Charging after a volley, the musket (or rifle) with fixed bayonet is no more than a spear, as reloading while charging is impossible. The vignette implies a charge of the front line as one of the standard bearers is being shot. A shouldered weapon (as depicted) cannot immediately be used either offensively (bayonet thrust), or defensively (to parry). Ever see illustrations of medievals, or ancients, charging with spears over their shoulders? It is even cumbersome and off-balancing to run with a weapon in this position. I think if that was me, I would me more like the rear standard bearer, with weapon in both hands, and screaming like hell! :scream: :scream:
:smiley: :canada:

I get your point, but further research into depictions of troops advancing under fire in the Civil War (including the Cyclorama at Gettysburg NMP), show numerous examples of them doing so with their weapons shouldered. I totally agree it doesn’t seem to make sense, but highly qualified historic artists (who are experts in that period and agonize over the most minute detail), would not continually show battlefield behavior that wasn’t authentic. As I said, I’m not a Civil War buff, so I’m hopeful someone with more expertise reads this and chimes in on why troops would advance with weapons shouldered.

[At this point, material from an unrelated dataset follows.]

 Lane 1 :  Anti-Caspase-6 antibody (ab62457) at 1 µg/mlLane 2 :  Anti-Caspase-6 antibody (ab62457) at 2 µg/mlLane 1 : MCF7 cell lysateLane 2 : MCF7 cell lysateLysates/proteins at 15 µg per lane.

Hmmm…and that’s probably why there were so many casualties during the ACW - they didn’t have proper drill! :face_with_head_bandage:
:smiley: :canada:

Maybe :joy:…I just emailed Mr Troiani asking why troops would attack with their weapons on their shoulder. He just responded that there was no reason for troops to assume the “charge bayonets” stance until they were really close. At Fredericksburg the Irish Brigade took enormous casualties before they got anywhere near the Southern line. As an aside, a couple of years ago I stopped in Gettysburg and walked the path of Pickett’s assault from the jump off point to the Angle. At a quick march pace, it took me 14 minutes to cover that ground. 14 minutes in an open field facing massed artillery firing canister and then small arms fire from the Union Infantry! No wonder casualties were so high. Braver men than I…Anyway the vignette does pay tribute to the Irish Brigade at Fredericksburg, unbelievable courage.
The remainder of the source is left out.